Of all the lines below, output only those starting at the one with "Brass wall lamp with glass prisms" and ending at the one with "12 11 2025, xgrfx, Football", both ends included, exactly as written.

*** Records shown ***

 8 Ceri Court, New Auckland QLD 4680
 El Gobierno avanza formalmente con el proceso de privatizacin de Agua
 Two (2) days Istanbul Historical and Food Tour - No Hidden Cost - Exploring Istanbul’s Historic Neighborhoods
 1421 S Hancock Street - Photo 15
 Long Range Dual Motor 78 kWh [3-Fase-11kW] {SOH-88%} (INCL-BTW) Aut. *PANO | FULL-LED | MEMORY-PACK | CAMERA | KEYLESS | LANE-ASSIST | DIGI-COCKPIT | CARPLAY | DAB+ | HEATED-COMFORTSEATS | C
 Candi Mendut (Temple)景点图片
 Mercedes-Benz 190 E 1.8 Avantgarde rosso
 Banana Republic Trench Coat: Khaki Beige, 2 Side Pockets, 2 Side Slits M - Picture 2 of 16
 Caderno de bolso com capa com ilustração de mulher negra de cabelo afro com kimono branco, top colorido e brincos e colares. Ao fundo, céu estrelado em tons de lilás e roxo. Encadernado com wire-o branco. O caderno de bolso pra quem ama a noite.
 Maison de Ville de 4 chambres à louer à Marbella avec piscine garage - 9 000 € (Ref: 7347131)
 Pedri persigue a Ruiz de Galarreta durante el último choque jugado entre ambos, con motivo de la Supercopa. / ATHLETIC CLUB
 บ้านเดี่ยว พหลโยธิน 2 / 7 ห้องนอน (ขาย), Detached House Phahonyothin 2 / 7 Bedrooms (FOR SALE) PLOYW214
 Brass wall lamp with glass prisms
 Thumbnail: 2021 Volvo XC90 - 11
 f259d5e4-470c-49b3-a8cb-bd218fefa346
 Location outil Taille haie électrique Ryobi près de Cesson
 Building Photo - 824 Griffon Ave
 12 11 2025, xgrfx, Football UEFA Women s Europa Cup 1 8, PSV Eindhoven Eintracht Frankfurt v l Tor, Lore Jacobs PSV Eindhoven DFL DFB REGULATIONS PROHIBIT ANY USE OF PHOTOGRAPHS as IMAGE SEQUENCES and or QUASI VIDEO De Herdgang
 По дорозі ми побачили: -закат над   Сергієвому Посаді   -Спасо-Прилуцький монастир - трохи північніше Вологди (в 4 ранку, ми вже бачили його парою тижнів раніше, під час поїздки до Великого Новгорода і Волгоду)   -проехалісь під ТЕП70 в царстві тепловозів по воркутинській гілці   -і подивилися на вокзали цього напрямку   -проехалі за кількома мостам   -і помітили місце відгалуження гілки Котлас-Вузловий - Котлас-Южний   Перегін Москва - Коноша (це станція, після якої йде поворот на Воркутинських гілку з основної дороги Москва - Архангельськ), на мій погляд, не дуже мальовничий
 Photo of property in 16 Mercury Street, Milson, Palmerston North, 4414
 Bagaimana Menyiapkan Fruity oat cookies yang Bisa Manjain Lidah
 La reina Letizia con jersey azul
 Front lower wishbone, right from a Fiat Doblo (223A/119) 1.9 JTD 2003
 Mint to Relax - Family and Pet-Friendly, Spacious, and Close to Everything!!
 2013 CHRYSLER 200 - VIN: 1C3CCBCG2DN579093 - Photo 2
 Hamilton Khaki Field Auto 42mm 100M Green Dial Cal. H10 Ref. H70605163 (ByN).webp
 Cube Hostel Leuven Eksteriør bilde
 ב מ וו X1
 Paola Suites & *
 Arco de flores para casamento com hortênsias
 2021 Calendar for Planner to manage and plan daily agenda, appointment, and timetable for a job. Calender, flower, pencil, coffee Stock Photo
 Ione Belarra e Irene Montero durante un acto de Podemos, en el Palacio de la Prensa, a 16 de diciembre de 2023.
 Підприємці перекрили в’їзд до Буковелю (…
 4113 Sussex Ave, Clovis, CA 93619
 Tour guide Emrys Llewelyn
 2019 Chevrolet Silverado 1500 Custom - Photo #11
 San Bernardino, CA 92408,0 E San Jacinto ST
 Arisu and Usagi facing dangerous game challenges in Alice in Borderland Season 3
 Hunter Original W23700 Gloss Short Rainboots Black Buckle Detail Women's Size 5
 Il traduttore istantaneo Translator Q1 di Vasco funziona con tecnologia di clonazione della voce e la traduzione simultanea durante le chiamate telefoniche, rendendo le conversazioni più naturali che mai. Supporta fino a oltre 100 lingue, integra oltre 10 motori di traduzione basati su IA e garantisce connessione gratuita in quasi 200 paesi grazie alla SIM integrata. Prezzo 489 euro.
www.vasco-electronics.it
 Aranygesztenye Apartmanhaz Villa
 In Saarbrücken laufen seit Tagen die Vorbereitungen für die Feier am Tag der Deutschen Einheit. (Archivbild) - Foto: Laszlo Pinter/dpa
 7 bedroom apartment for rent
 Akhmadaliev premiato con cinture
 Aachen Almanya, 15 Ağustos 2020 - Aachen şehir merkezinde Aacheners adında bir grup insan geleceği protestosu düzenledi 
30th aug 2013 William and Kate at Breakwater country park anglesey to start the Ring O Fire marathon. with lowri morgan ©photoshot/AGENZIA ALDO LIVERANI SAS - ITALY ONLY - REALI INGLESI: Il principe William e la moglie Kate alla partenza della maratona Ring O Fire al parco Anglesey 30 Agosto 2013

*** End of Records shown ***

> _Result of this task_
 Brass wall lamp with glass prisms
 Thumbnail: 2021 Volvo XC90 - 11
 f259d5e4-470c-49b3-a8cb-bd218fefa346
 Location outil Taille haie électrique Ryobi près de Cesson
 Building Photo - 824 Griffon Ave
 12 11 2025, xgrfx, Football UEFA Women s Europa Cup 1 8, PSV Eindhoven Eintracht Frankfurt v l Tor, Lore Jacobs PSV Eindhoven DFL DFB REGULATIONS PROHIBIT ANY USE OF PHOTOGRAPHS as IMAGE SEQUENCES and or QUASI VIDEO De Herdgang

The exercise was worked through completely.